In de maand die volgde op Operation Blackcock namen de Amerikanen het front weer over van de Britten. Het over en weer schieten met artillerie zou de komende weken weer voortduren. De Duitsers hadden de Rurdammen opgeblazen waardoor de Roer uit zijn oevers was getreden en een Amerikaanse opmars enkele weken moest worden uitgesteld. Deze opmars zou uiteindelijk eind februari en begin maart 1945 onder de codenaam ‘Operation Grenade’ de laatste Duitsers van Limburgs grondgebied verdrijven.
REASeuro heeft in de afgelopen jaren een groot archief opgebouwd over de oorlogshandelingen in de Roerdriehoek om zo de risico’s in het gebied in kaart te brengen. Bij diverse projecten in Midden-Limburg is deze parate en uitvoerige kennis al van groot belang gebleken. Ook nu is REASeuro betrokken bij een groot baggerproject in de Maas waarbij door diepgaand historisch vooronderzoek een nauwkeurig beeld is ontstaan waar en welke explosieven uit de Tweede Wereldoorlog mogelijk zijn achtergebleven.
Voor de geplande baggervakken tussen Roermond en Maasbracht is de informatie van de tijdens Operation Blackcock gebruikte soorten en kalibers niet-gesprongen explosieven (NGE) van essentieel belang om de detectie en het benaderen nauwkeurig uit te voeren. Een belangrijke test die voorafgaand aan de detectie in de Maas plaats heeft gevonden is een zogenaamde Surrogate Item Trial (SIT). Bij een SIT worden een of meerdere surrogaatitems uit de referentiecollectie afgezonken en met de beschikbare detectieapparatuur een proefdetectie onder diverse omstandigheden uitgevoerd.
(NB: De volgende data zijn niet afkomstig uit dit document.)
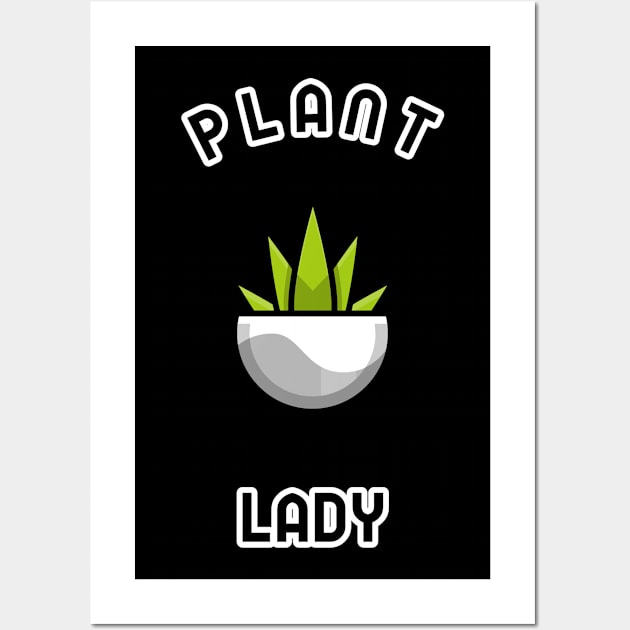 Funny 'Plant Lady' design featuring a plant in a pot. Wall Art by keeplooping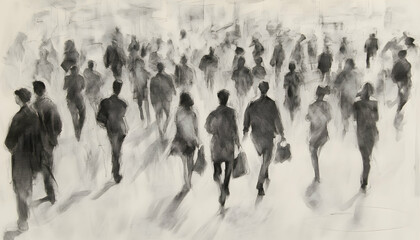 Abstract sketch of people walking in a crowd.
In dit geval werd een inerte Britse 4.2 inch mortiergranaat op de bodem van de Maas aangebracht.
Na de proefdetectie op het surrogaatitem wordt de data van de detectie bekeken. Uit deze detectie kan onder andere worden vastgesteld wat de ideale ‘vlieghoogte’ van de detectiesonde boven de bodem is. Ook krijgen de deskundigen zo een duidelijk beeld van de detectiewaardes en de uitslag die een vergelijkbaar object op de bodem van de Maas kan geven.
Door de uitgebreide database en referentiecollectie waarover REASeuro beschikt kan door het nemen van diverse SITs een selectie gemaakt worden welke ‘targets’ bij de detectie mogelijk NGE zijn en benaderd dienen te worden.
De eigenschappen van de targets en de omstandigheden op de Maas bepalen uiteindelijk ook hoe het voorwerp benadert wordt. In samenwerking met de betrokken partijen bepalen we altijd de meest geschikte strategie om zo tot een efficiënte vrijgave van een gebied te komen.